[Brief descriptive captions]
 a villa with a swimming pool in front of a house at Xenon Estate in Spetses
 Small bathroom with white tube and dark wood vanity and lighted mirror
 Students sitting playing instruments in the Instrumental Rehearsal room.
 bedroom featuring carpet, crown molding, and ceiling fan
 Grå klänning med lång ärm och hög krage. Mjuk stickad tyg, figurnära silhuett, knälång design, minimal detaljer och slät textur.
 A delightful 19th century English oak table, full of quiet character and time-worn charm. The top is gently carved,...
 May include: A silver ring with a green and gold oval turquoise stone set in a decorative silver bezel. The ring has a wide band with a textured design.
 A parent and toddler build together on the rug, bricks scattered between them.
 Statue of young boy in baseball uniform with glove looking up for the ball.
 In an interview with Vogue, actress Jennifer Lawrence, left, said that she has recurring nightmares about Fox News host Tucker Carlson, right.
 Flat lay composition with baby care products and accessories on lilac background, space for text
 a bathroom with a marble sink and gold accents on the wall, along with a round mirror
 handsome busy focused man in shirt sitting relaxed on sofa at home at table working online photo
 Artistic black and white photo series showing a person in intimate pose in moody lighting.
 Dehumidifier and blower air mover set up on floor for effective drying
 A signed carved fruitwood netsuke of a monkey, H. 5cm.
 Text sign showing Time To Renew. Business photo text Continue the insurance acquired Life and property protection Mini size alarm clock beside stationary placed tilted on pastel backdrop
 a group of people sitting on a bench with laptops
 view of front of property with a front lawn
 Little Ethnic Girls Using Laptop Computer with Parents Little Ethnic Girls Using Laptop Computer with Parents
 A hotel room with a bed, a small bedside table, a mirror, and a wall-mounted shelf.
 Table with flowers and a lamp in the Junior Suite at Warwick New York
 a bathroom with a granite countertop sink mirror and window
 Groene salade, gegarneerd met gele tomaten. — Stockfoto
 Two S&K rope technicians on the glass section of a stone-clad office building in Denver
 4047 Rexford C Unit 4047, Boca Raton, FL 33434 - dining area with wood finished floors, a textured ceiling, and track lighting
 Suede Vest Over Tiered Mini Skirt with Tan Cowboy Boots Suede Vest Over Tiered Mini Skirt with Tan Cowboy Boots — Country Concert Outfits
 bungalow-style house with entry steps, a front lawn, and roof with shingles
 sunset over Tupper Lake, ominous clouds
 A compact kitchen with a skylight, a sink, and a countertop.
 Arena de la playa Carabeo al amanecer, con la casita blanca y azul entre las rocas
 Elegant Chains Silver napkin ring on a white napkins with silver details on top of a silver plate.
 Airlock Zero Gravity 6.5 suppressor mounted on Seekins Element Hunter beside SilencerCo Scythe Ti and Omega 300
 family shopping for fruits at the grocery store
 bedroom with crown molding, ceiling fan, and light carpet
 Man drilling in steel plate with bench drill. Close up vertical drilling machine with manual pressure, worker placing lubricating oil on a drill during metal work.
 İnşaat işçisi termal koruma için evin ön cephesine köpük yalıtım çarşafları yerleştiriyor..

#### [REQUIREMENT]
Copy only the stretch running from the line containing "Elegant Chains Silver" to the final line of the entries, both ends included, exactly as it stands.

#### [RESPONSE BELOW]
 Elegant Chains Silver napkin ring on a white napkins with silver details on top of a silver plate.
 Airlock Zero Gravity 6.5 suppressor mounted on Seekins Element Hunter beside SilencerCo Scythe Ti and Omega 300
 family shopping for fruits at the grocery store
 bedroom with crown molding, ceiling fan, and light carpet
 Man drilling in steel plate with bench drill. Close up vertical drilling machine with manual pressure, worker placing lubricating oil on a drill during metal work.
 İnşaat işçisi termal koruma için evin ön cephesine köpük yalıtım çarşafları yerleştiriyor..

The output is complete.